January 2024 Sint Maarten general election
- All 15 seats in Parliament 8 seats needed for a majority
- Turnout: 65.51% (▲5.95pp)
- This lists parties that won seats. See the complete results below.
| Party |  | Leader | Vote % | Seats | +/– |
|  | NA | Silveria Jacobs | 23.92 | 4 | −2 |
|  | UPP | Rolando Brison | 19.48 | 3 | −1 |
|  | URSM | Luc Mercelina | 14.04 | 2 | New |
|  | DP | Sarah Wescot-Williams | 13.64 | 2 | +1 |
|  | PFP | Melissa Gumbs | 11.89 | 2 | 0 |
|  | NOW | Christophe Emmanuel | 10.25 | 2 | New |
| Prime Minister before | Prime Minister after |
| Silveria Jacobs NA | Luc Mercelina USRM |

= January 2024 Sint Maarten general election =

General elections were held in Sint Maarten on 11 January 2024.

==Electoral system==
The 15 seats in the Estates were elected by proportional representation. In order to participate in the election, new parties and parties without a seat in parliament were required to obtain at least 134 signatures; 1% of the valid votes of the 2020 general elections.

== Results ==
Preliminary results were released at the end of the night of the election, with official results announced by the Central Voting Bureau on 18 January.
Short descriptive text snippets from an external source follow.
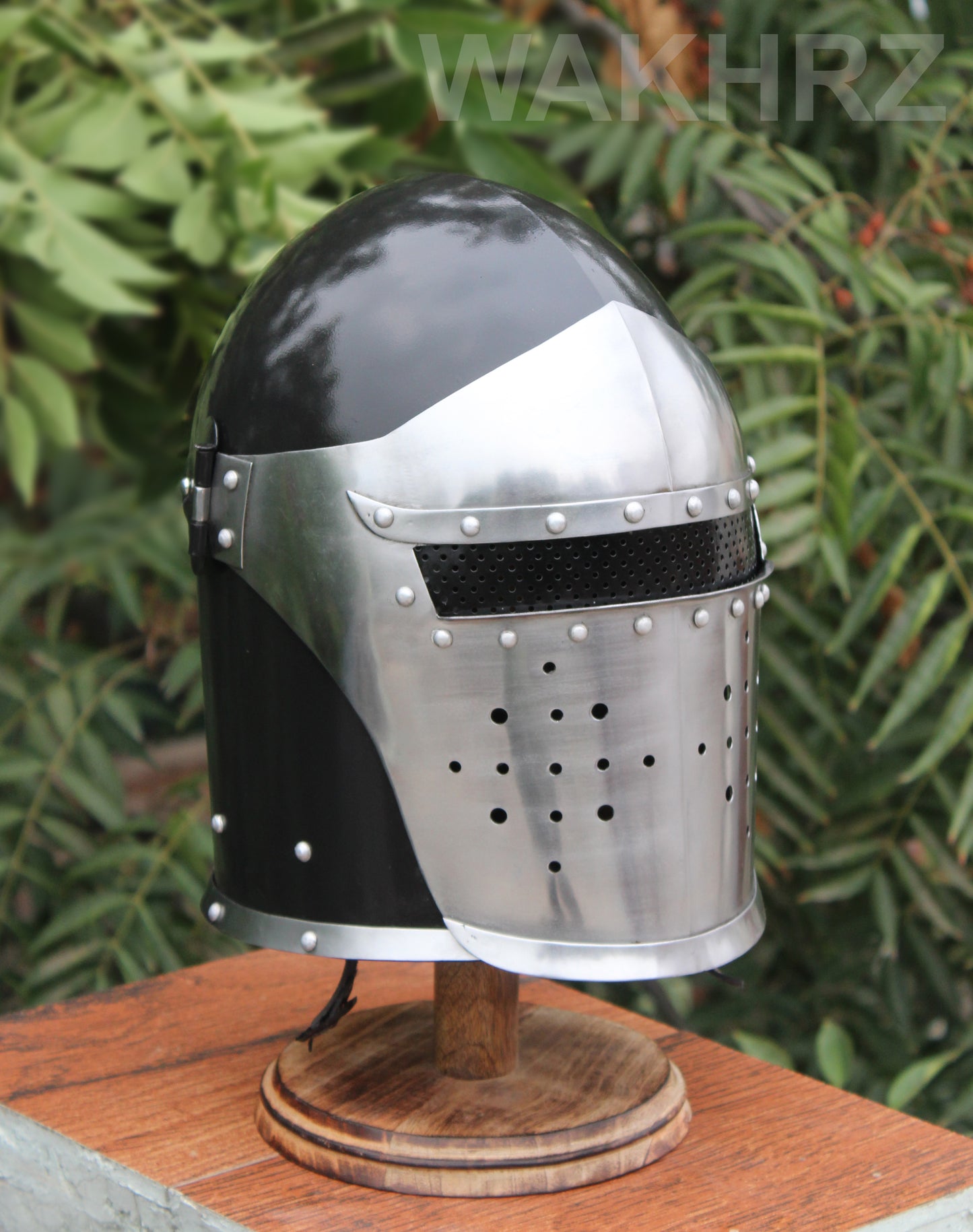 WAKHRZ BURBUTA VISORED CRUSADER HELMET WITH WOODEN BASE.
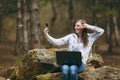 Smiling business woman or student sitting on stone with laptop doing selfie and showing victory sign on mobile phone in Royalty Free Stock Photo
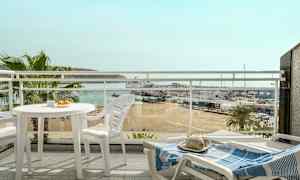 Vy från en balkong med vita utemöbler, med utsikt över en strand, en småbåtshamn och havet i bakgrunden. (AI-genererad text)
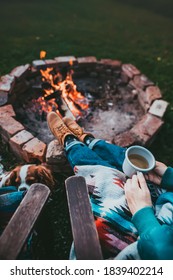 Unrecognizable Woman Enjoying Hot Tea From A Tin Cup In Campsite With Fire Pit. Girl In Folk Blanket By Burning Campfire With Mountain Landscape With Evening Sunset Sky Over The Forest And Hills.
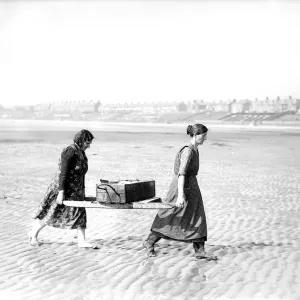 Fisherwomen of New Biggin England carrying their catch Women fulfilling Mens work Fisherwomen of New Biggin England carrying their catch Women fulfilling Mens work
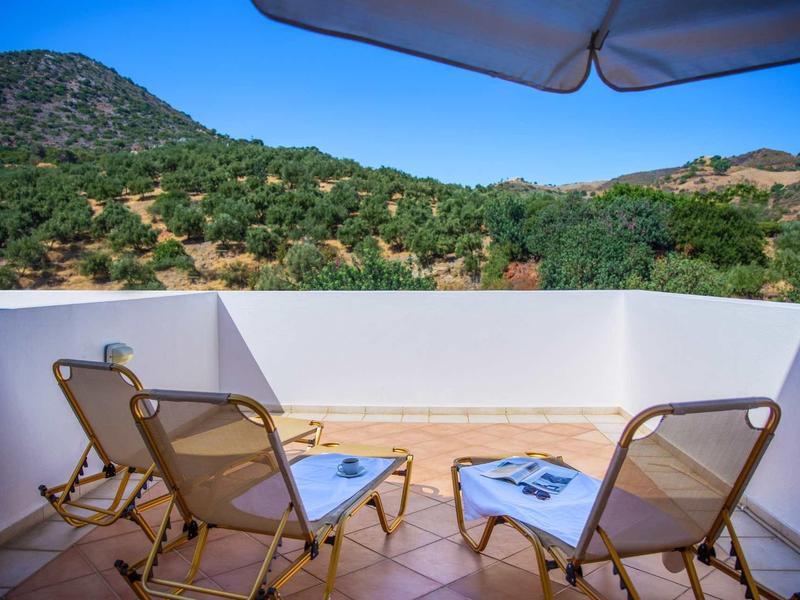 Balcon avec trois chaises et une table donnant sur des collines verdoyantes sous un ciel bleu.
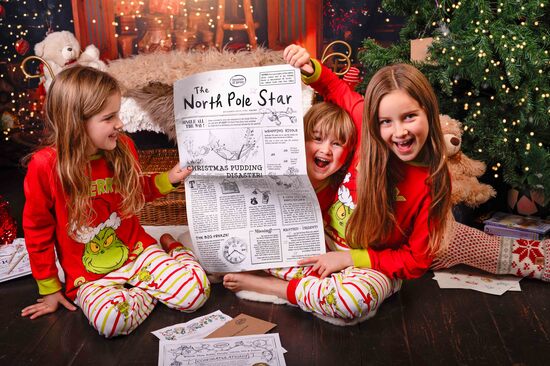Three smiling children are wearing christmas pyjamas and holding a copy of the North Pole star newspaper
| Party |  | Votes | % | Seats | +/– |
|  | National Alliance | 3,455 | 23.92 | 4 | –2 |
|  | United People's Party | 2,814 | 19.48 | 3 | –1 |
|  | Unified Resilient St. Maarten Movement | 2,028 | 14.04 | 2 | New |
|  | Democratic Party | 1,970 | 13.64 | 2 | +1 |
|  | Party for Progress [nl] | 1,717 | 11.89 | 2 | 0 |
|  | Nation Opportunity Wealth | 1,481 | 10.25 | 2 | New |
|  | United St. Maarten Party | 686 | 4.75 | 0 | –2 |
|  | Empire Culture Empowerment Association | 292 | 2.02 | 0 | New |
| Total |  | 14,443 | 100.00 | 15 | 0 |
| Valid votes |  | 14,443 | 97.75 |  |  |
| Invalid votes |  | 332 | 2.25 |  |  |
| Blank votes |  | 0 | 0.00 |  |  |
| Total votes |  | 14,775 | 100.00 |  |  |
| Registered voters/turnout |  | 22,553 | 65.51 |  |  |
Source: Government of Sint Maarten

==Aftermath==
A four-party government was formed between the Unified Resilient St. Maarten Movement (URSM), the Democratic Party, the Party for Progress and Nation Opportunity Wealth, all of which won two seats. Luc Mercelina's URSM, having received the most votes of the 4 parties, lead the new government with Mercelina as Prime Minister. Elected members took office on 10 February 2024, followed by a coalition deal on 21 February. The new government with Mercelina as Prime minister eventually took the oath of office on 3 May. However, the government collapsed 18 days later as Kevin Maingrette, an MP from the Nation Opportunity Wealth party, left the coalition to join the opposition. This crossing the floor cost the coalition its majority, leading Mercelina to dissolve parliament and call snap elections.

On 1 August 2024 United People's Party MP Akeem Arrindell was arrested for conspiring to buy votes in the January elections. He subsequently lost his seat in that month's snap elections and was sentenced on 8 January 2025 to a prison sentence and a six and a half year ban on serving in public office.